Sandip
Sandip

Reputation: 206

multiple websocket servers in rust

I referred this and also tried tungstenite library. But I was able to run only one server at a time, it captured whole thread.

I tried running multiple servers on different thread but that never listen anything and just exit the program.

Is there anyway that I can run multiple WebSocket servers on different ports, and create, destroy a server in runtime?

Edit: If I run a server on main thread and another one on other thread, it works, looks like I'd have to keep main thread busy somehow.. but is there any better way?

here's some example code:

it uses:

use std::net::TcpListener;
use std::thread::spawn;
use tungstenite::accept;

this is the normal code that blocks the main thread

let server = TcpListener::bind("127.0.0.1:9002").expect("err: ");
        for stream in server.incoming() {
            spawn(move || {
                let mut websocket = accept(stream.unwrap()).unwrap();
                loop {
                    let msg = websocket.read_message().unwrap();

                    println!("{}", msg);

                    // We do not want to send back ping/pong messages.
                    if msg.is_binary() || msg.is_text() {
                        websocket.write_message(msg).unwrap();
                    }
                }
            });
        }

here's the code with thread:

spawn(|| {
        let server = TcpListener::bind("127.0.0.1:9001").expect("err: ");
        for stream in server.incoming() {
            spawn(move || {
                let mut websocket = accept(stream.unwrap()).unwrap();
                loop {
                    let msg = websocket.read_message().unwrap();

                    println!("{}", msg);

                    // We do not want to send back ping/pong messages.
                    if msg.is_binary() || msg.is_text() {
                        websocket.write_message(msg).unwrap();
                    }
                }
            });
        }
    });

but the above code needs the main thread to run somehow, I'm indeed able to run multiple servers on different threads but need something to occupy main thread.

Upvotes: 1

Views: 1255

Answers (2)

justinas
justinas

Reputation: 6867

Rust programs terminate when the end of main() is reached. What you need to do is wait until your secondary threads have finished.

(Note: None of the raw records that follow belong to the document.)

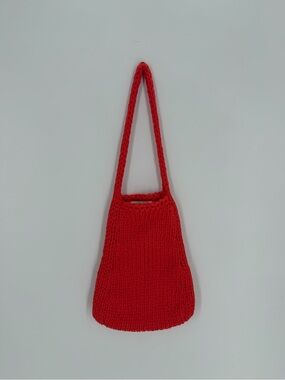 Paloma Wool Lucio Knit Bag In Red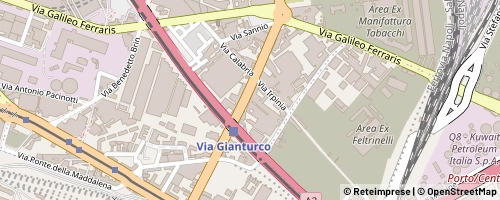 Mappa Napoli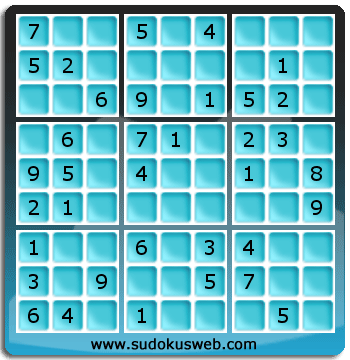 Sudoku de Nivell Fàcil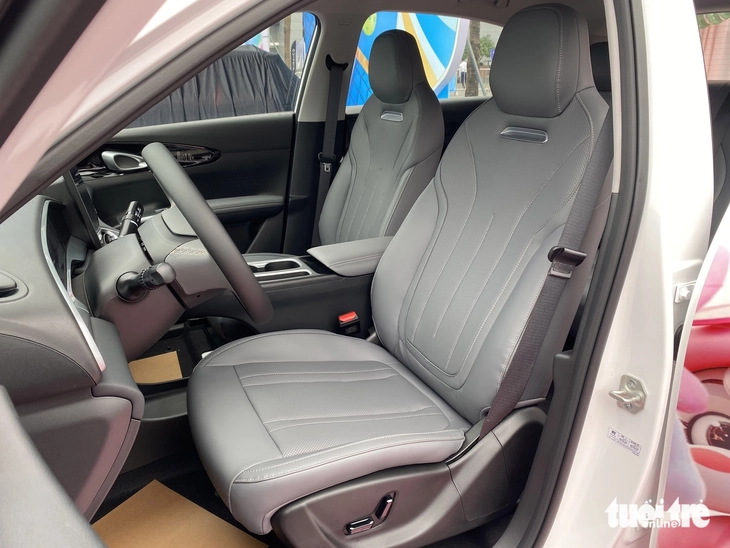 Geely EX2 - Ảnh 9.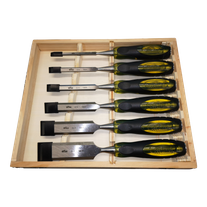 ToolShed Wood Chisel Set 6pc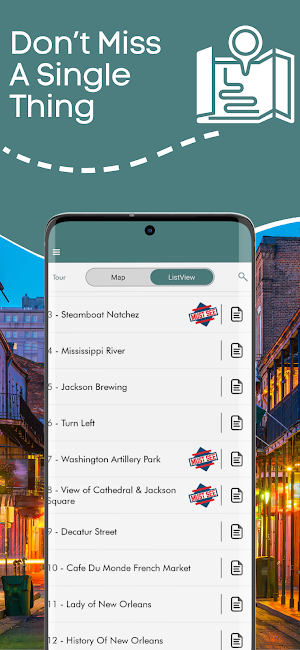 New Orleans Audio Tour Guide Screenshot 3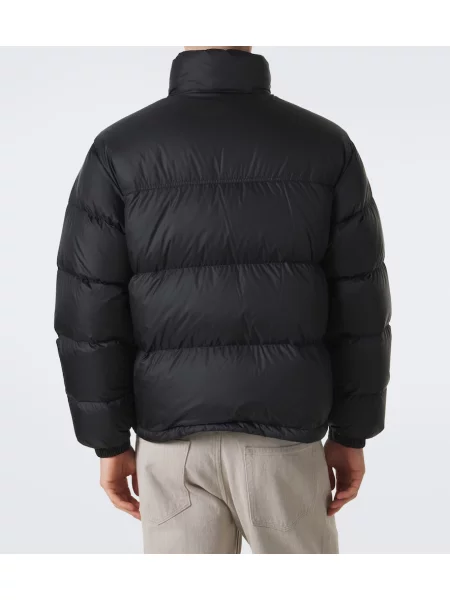 Páperová bunda Burberry čierna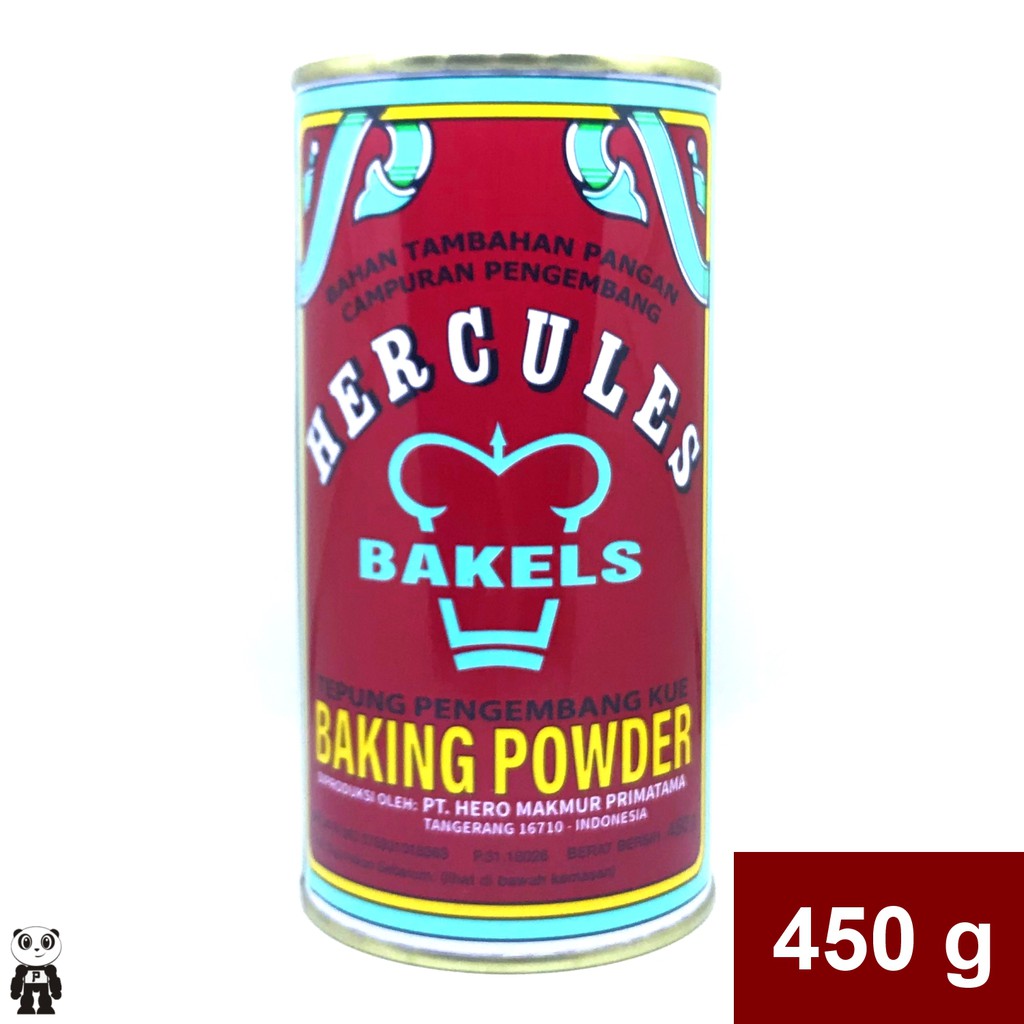 Hercules Baking Powder Double Acting Cake Baking 450gr Hercules Baking Powder Double Acting Pengembang Kue 450gr Shopee Malaysia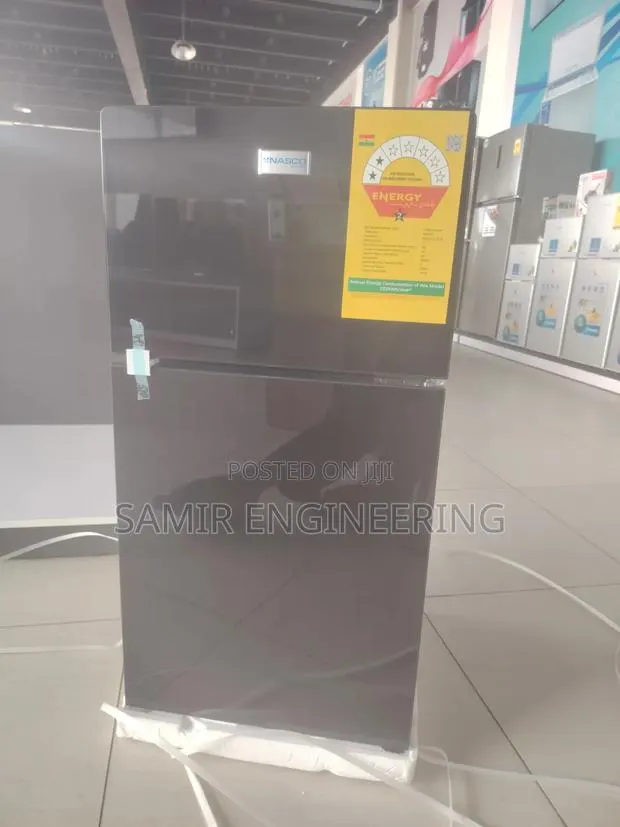 Nasco Nasf2-11fl-B: The Mirror-Finish 86l Table Top Refrigerator · Photo 1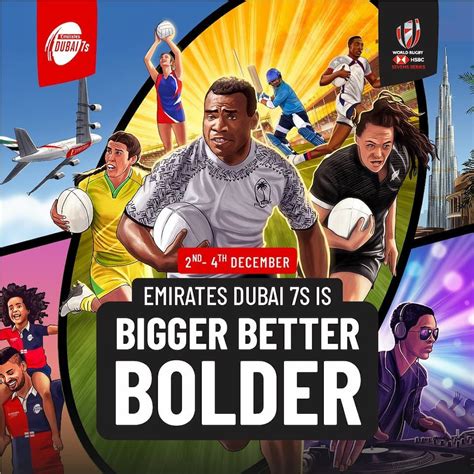 The Emirates Dubai Rugby 7s 2021 Going Ahead - RugbyAsia247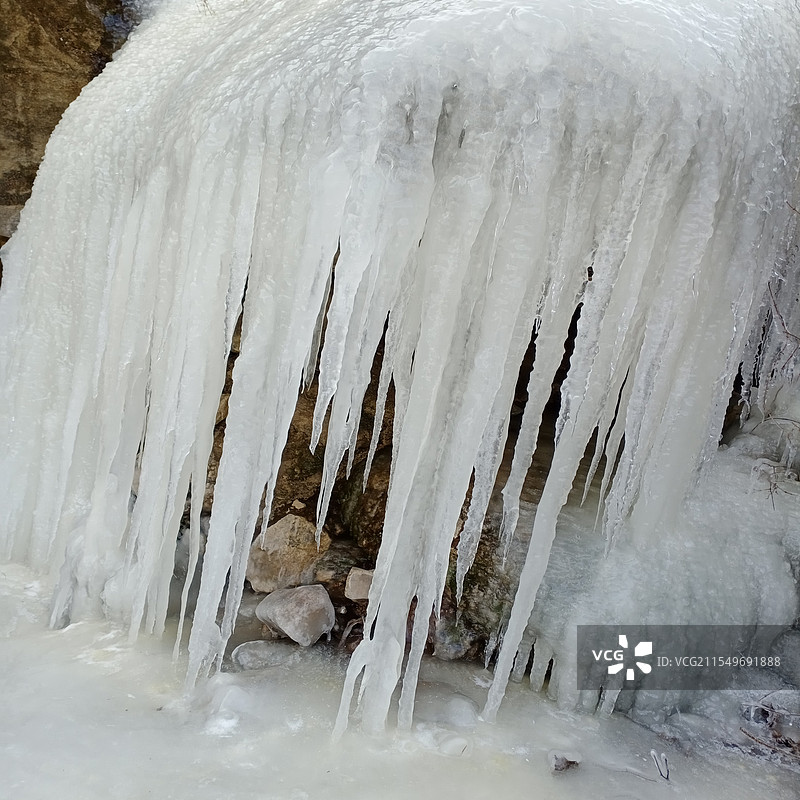 冰/水的化身之美图片素材
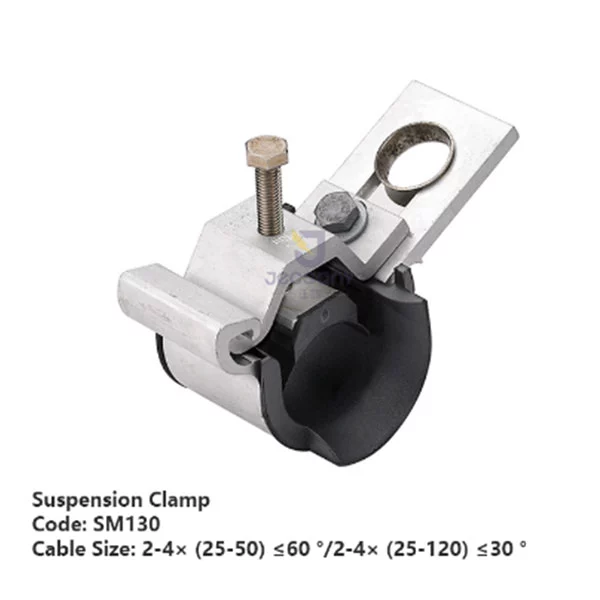 Pince de suspension pour câble électrique SM136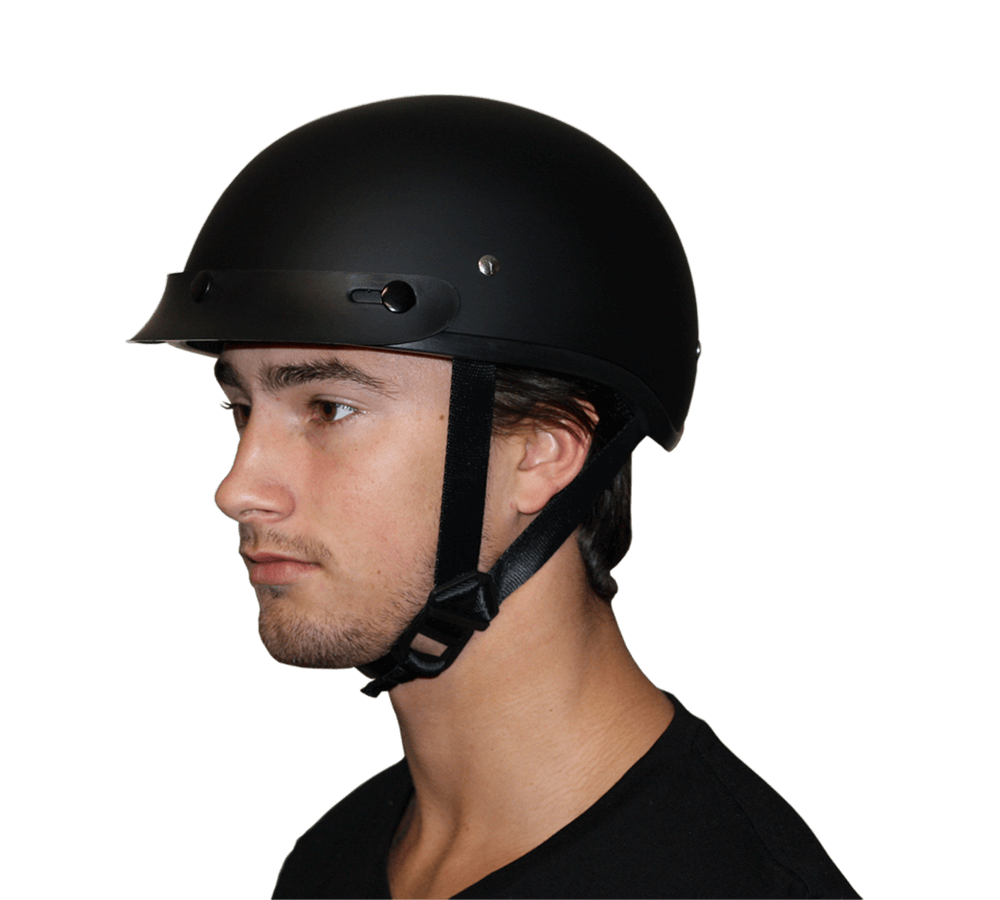 Motorcycle Graphic Half Face Helmet | Freedom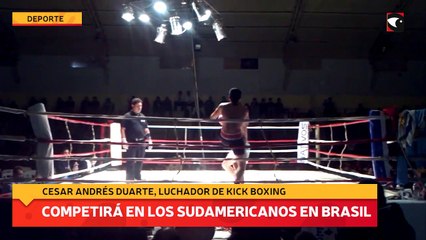 Competirá en los sudamericanos en Brasil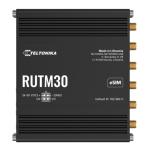 Teltonika RUTM30 5G CAT19 AC867 Wi-Fi 5 Industrial Router GbE x 4 / SIM Slot x 2 / Dual-band Wi-Fi / with Digital IO x 1 / USB A x 1 / GSNN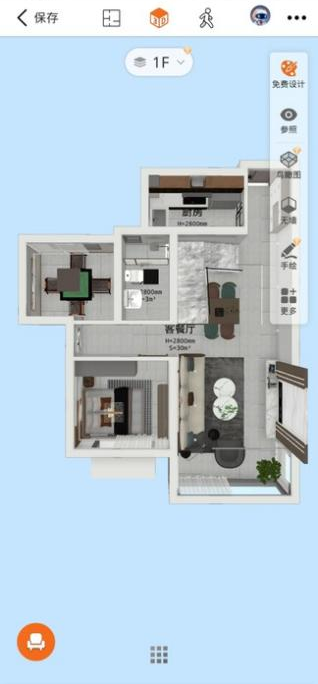 00后做家装设计往书房放麻将桌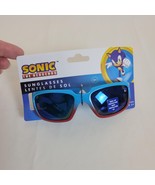 Sonic the Hedgehog Unisex Sunglasses Classic 100% UV Protection New Blue - $218.92 MXN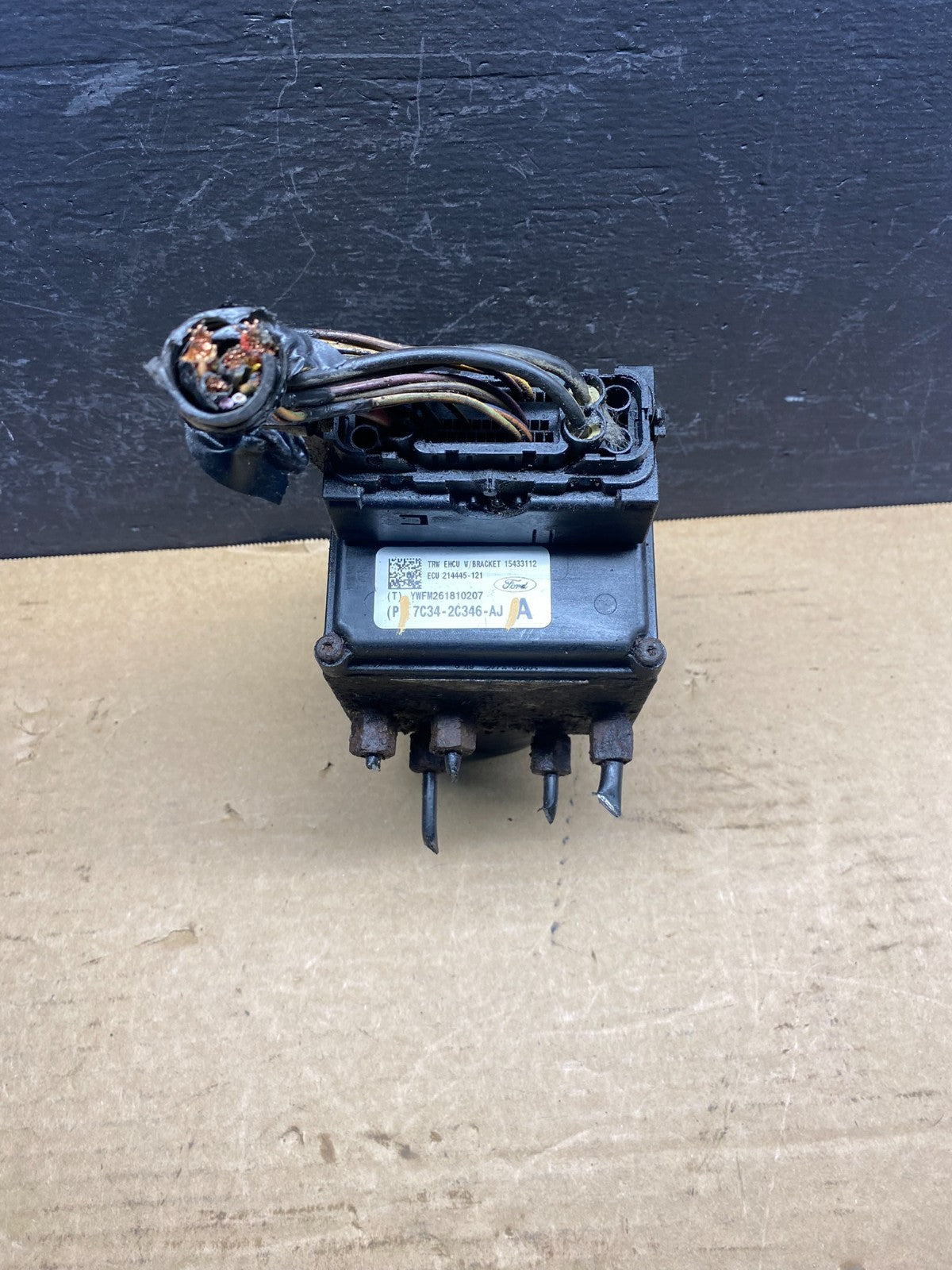 2008 2010 Ford F250 F350 Econoline Anti-Lock ABS Antilock Brake Pump AC7980 DG0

std::thread::spawn returns a JoinHandle, which has a join method which does exactly that - it waits (blocks) until the thread that the handle refers to finishes, and returns an error if the thread panicked.

So, to keep your program alive as long as any threads are running, you need to collect all of these handles, and join() them one by one. Unlike a busy-loop, this will not waste CPU resources unnecessarily.

use std::net::TcpListener;
use std::thread::spawn;
use tungstenite::accept;

fn main() {
    let mut handles = vec![];

    // Spawn 3 identical servers on ports 9001, 9002, 9003
    for i in 1..=3 {
        let handle = spawn(move || {
            let server = TcpListener::bind(("127.0.0.1", 9000 + i)).expect("err: ");
            for stream in server.incoming() {
                spawn(move || {
                    let mut websocket = accept(stream.unwrap()).unwrap();
                    loop {
                        let msg = websocket.read_message().unwrap();

                        println!("{}", msg);

                        // We do not want to send back ping/pong messages.
                        if msg.is_binary() || msg.is_text() {
                            websocket.write_message(msg).unwrap();
                        }
                    }
                });
            }
        });
        handles.push(handle);
    }

    // Wait for each thread to finish before exiting
    for handle in handles {
        if let Err(e) = handle.join() {
            eprintln!("{:?}", e)
        }
    }
}

Upvotes: 1

rodrigo
rodrigo

Reputation: 98496

When you do all the work in a thread (or threads) and the main thread has nothing to do, usually it is set to wait (join) that thread.

This has the additional advantage that if your secondary thread finishes or panics, then your program will also finish. Or you can wrap the whole create-thread/join-thread in a loop and make it more resilient:

fn main() {
    loop {
        let th = std::thread::spawn(|| {
            // Do the real work here
            std::thread::sleep(std::time::Duration::from_secs(1));
            panic!("oh!");
        });
        if let Err(e) = th.join() {
            eprintln!("Thread panic: {:?}", e)
        }
    }
}

Link to playground, I've changed to the loop into a for _ in ..3 because playgrond does not like infinite loops.